Petey's giving 100k to anyone who predicts the exact score right?
I'll donate another 5k.


----------



## Crossword

hmm... I'll say Raptors win 99-84


----------



## xavisxavis

Hm...truely inspiring that so many raptor fans on this board support Nets


----------



## trick

xavisxavis said:


> Hm...truely inspiring that so many raptor fans on this board support Nets


more nets wins = more chance to topple sixers from the eigth spot = better pick for raptors via trade of acquiring sixers' pick.


----------



## DwyaneWade

im sayin 92-85 raps


----------



## JS03

I say 
Toronto Raptors 94
New Jersey Nets 90


----------



## JS03

wow...there are so many VC/raps articles. This is one really hyped up game.


----------



## hellrazor

88-87 raps.
Vince misses 23-footer just before the buzzer goes ala 2001 playoffs conference semi-finals, game 7.


----------



## JuniorNoboa

Nets fans are delusional.

Making such comments are entirely acceptable as there supermod, has called us a bunch of whiners. Bring it on

http://basketballboards.net/forum/showthread.php?t=158901


----------



## Turkish Delight

JuniorNoboa said:


> Nets fans are delusional.
> 
> Making such comments are entirely acceptable as there supermod, has called us a bunch of whiners. Bring it on
> 
> http://basketballboards.net/forum/showthread.php?t=158901


Let them think what they want.
They would be bitter if their franchise player demanded a trade as well. We'll just see what happens tomorrow night, it should be fun. 
I'm proud to see that so far, there hasn't been much of a problem between the Raps fans and the Nets fans. 
Let's keep it that way.


----------



## Turkish Delight

I say 104 - 96 Raptors.


----------



## JuniorNoboa

Turkish Delight said:


> Let them think what they want.
> They would be bitter if their franchise player demanded a trade as well. We'll just see what happens tomorrow night, it should be fun.
> I'm proud to see that so far, there hasn't been much of a problem between the Raps fans and the Nets fans.
> Let's keep it that way.


Net's fans are the ones that are trying to incite this. We have no issue with them, we have an issue with Vince (and even then we have kept it in control this week)
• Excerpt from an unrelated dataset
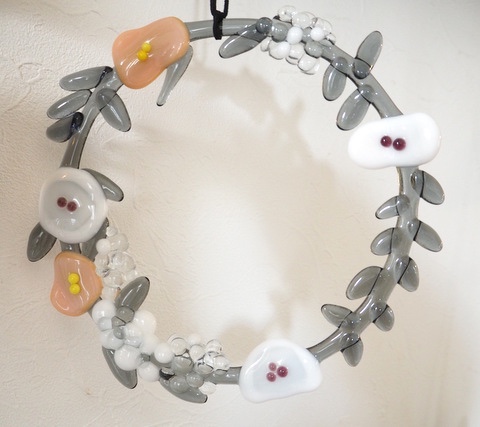 ガラスのお花のリース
Their mods are calling us whiners and bums. If there posters bring the crap on either board, they are to blame when things get out of control.


----------



## Turkish Delight

JuniorNoboa said:


> Net's fans are the ones that are trying to incite this. We have no issue with them, we have an issue with Vince (and even then we have kept it in control this week)
> 
> Their mods are calling us whiners and bums. If there posters bring the crap on either board, they are to blame when things get out of control.


I don't think they are calling _us_ specifically as whiners, but rather Toronto fans as general.
I wouldn't pay too much attention to it. They don't live in Canada, and they don't have first hand access on our perspective of the situation like you or I.


----------



## Turkish Delight

Guys, let's predict VC's stats for tomorrow's game.
Points, rebounds and assists.
If anyone gets two out of the three correct, I will give them 10 000 uCash points.


----------



## Petey

JuniorNoboa said:


> Nets fans are delusional.
> 
> Making such comments are entirely acceptable as there supermod, has called us a bunch of whiners. Bring it on
> 
> http://basketballboards.net/forum/showthread.php?t=158901


That was my post... and I was not referring to board members, I apologize, I can edit myself, and make a new post to reflect that. It was more commentary on fans in general and Toronto writers.



JuniorNoboa said:


> Net's fans are the ones that are trying to incite this. We have no issue with them, we have an issue with Vince (and even then we have kept it in control this week)
> 
> Their mods are calling us whiners and bums. If there posters bring the crap on either board, they are to blame when things get out of control.


I never said bum. And there are fans outside of those whom post on the board. Speedy and Turkish Delight have done a great job of keeping tabs on things, but that isn't all mods on other boards. Check out some other Raptor boards and what they have to say and what their mods say...

If you do have a problem, feel free to PM me... next time too, cause from reading your reply, I didn't know you had issues with my post in regards to the fan base here.

I apologize again.

-Petey


----------



## Turkish Delight

I predict VC will have 21 points, 5 rebounds and 3 assists.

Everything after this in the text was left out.